De Patrick Schulmann, victime en 2002 d’un accident de voiture fatal, on retient surtout Et la tendresse ? Bordel !, immense succès populaire, comédie générationnelle sur les relations de couple, sorti en 1978, voire P.R.O.F.S, une évocation potache et libertaire du monde enseignant, qui rencontra aussi un vaste public en 1985. Ces deux longs métrages ont éclipsé une production certes foutraque, mais suffisamment iconoclaste pour qu’on s’y attarde. Rendez-moi ma peau fait partie de ces tentatives pas complètement abouties, mais plutôt originale dans la comédie hexagonale, dans la mesure où le film part d’un événement surnaturel, pour en tirer un profit scénaristique à travers des situations absurdes et une réflexion sociétale, qui n’a jamais la lourdeur de s’annoncer comme telle.

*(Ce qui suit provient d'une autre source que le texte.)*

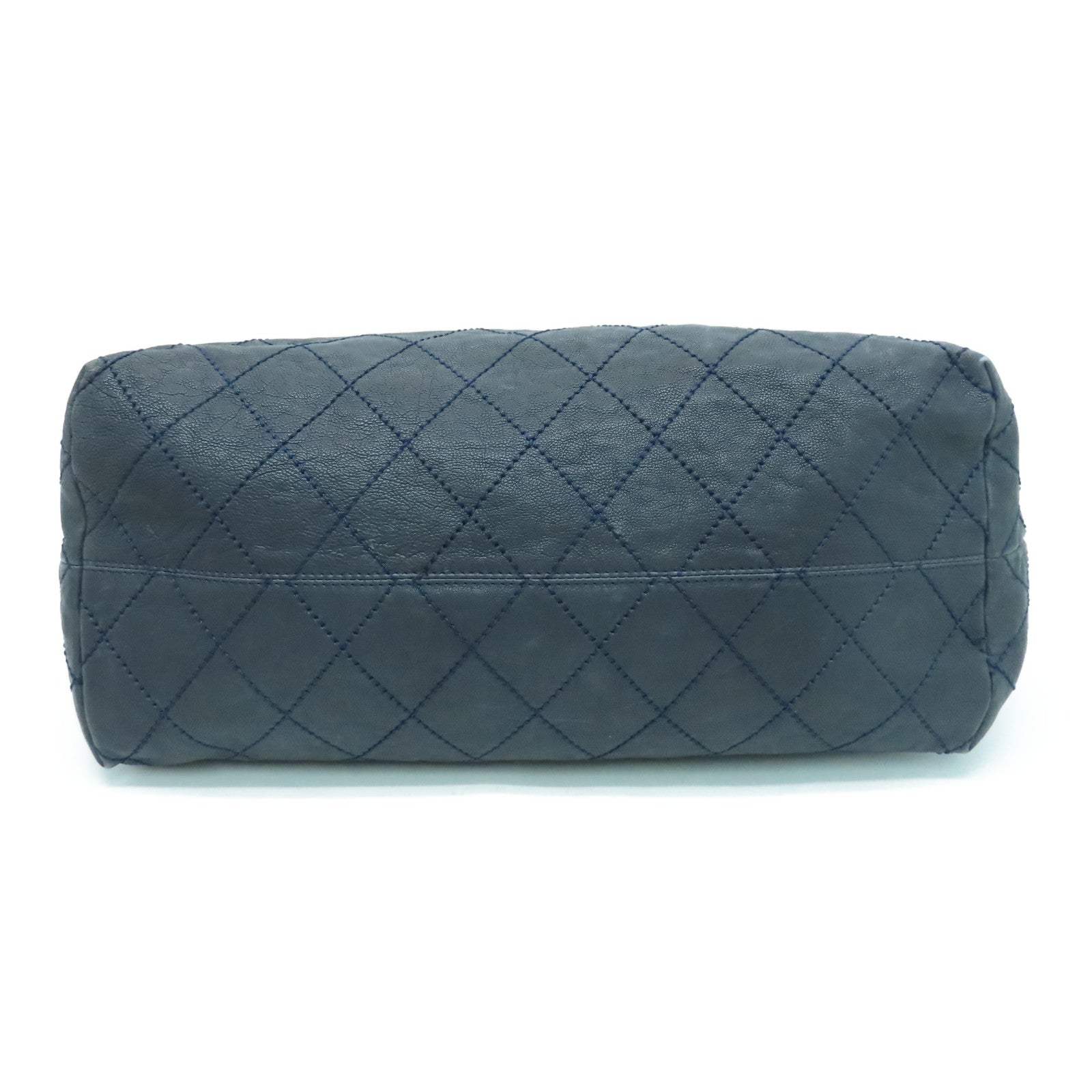 CHANEL Cowhide Leather Chain Shoulder Silver Buckle Shoulder Bag Gray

Ces intentions, plus conformes à l’histoire du cinéma anglo-saxon qu’à la tradition rationnelle, naturaliste de la production française, font de Schulmann un précurseur de réalisateurs qui, bien plus tard, sauteront le pas pour aller jusqu’au bout d’une idée en apparence insensée (Alain Chabat ou Quentin Dupieux, par exemple). A l’époque où Rendez-moi ma peau sort, la comédie française est dominée par Claude Zidi, Gérard Oury ou Francis Veber dont la fibre fantastique n’est pas le trait dominant.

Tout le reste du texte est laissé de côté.